Ask before judging: Quick judgments and answers can be easier (and sometimes, unfortunately, are necessary), but they can also be inaccurate and ultimately undermine the trust of our teams. Take the extra few minutes to ask and learn — the best answer is often another question. This approach also has the added benefit of engaging the team to problem-solve rather than relying on their leader for answers.
Calm and confidence: I learned this lesson in sports, and it has translated to every organization I have been involved with, whether as a leader or a contributor. Errors are catching, but so is confidence. Stay calm, and move on to the next play.
There is more than being right: This has been a lifelong struggle for me. I take comfort in standing by convictions that are supported by solid, verifiable facts, and I have never been shy about speaking up. Through trial and error, and a lot of difficult conversations, I have come to understand how this impacts my relationships. I need to stand by my convictions, speak up when it’s vitally important and put people first, lead with patience and kindness, ask before judging, and remain calm and confident. It’s a balance that, for me, requires an intentional attitude each day.
You are a person of great influence. If you could inspire a movement that would bring the most amount of good to the most amount of people, what would that be? You never know what your idea can trigger. :-)

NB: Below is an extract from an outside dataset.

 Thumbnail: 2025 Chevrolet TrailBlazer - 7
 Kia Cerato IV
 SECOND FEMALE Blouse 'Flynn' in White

The number of ways we can make an impact are nearly endless. Grand gestures are not necessarily required. Something as simple as giving away a meal or picking up a piece of trash makes a difference and can spark a movement. The critical piece is to identify what you are passionate about and pursue it with conviction, and others will follow your lead. Education was a priority in my home as a child, and we spent a lot of time as a family helping each other edit papers, study for tests and build science projects. I feel so fortunate that through my work at InStride, I am part of a larger movement — a movement that speaks to me and is consistent with my values. On a daily basis, I am inspired by the team’s commitment to put the learner first and make workforce education accessible for all. When we enable more people to continue their education with support from their employer and quality academic institutions, we change lives.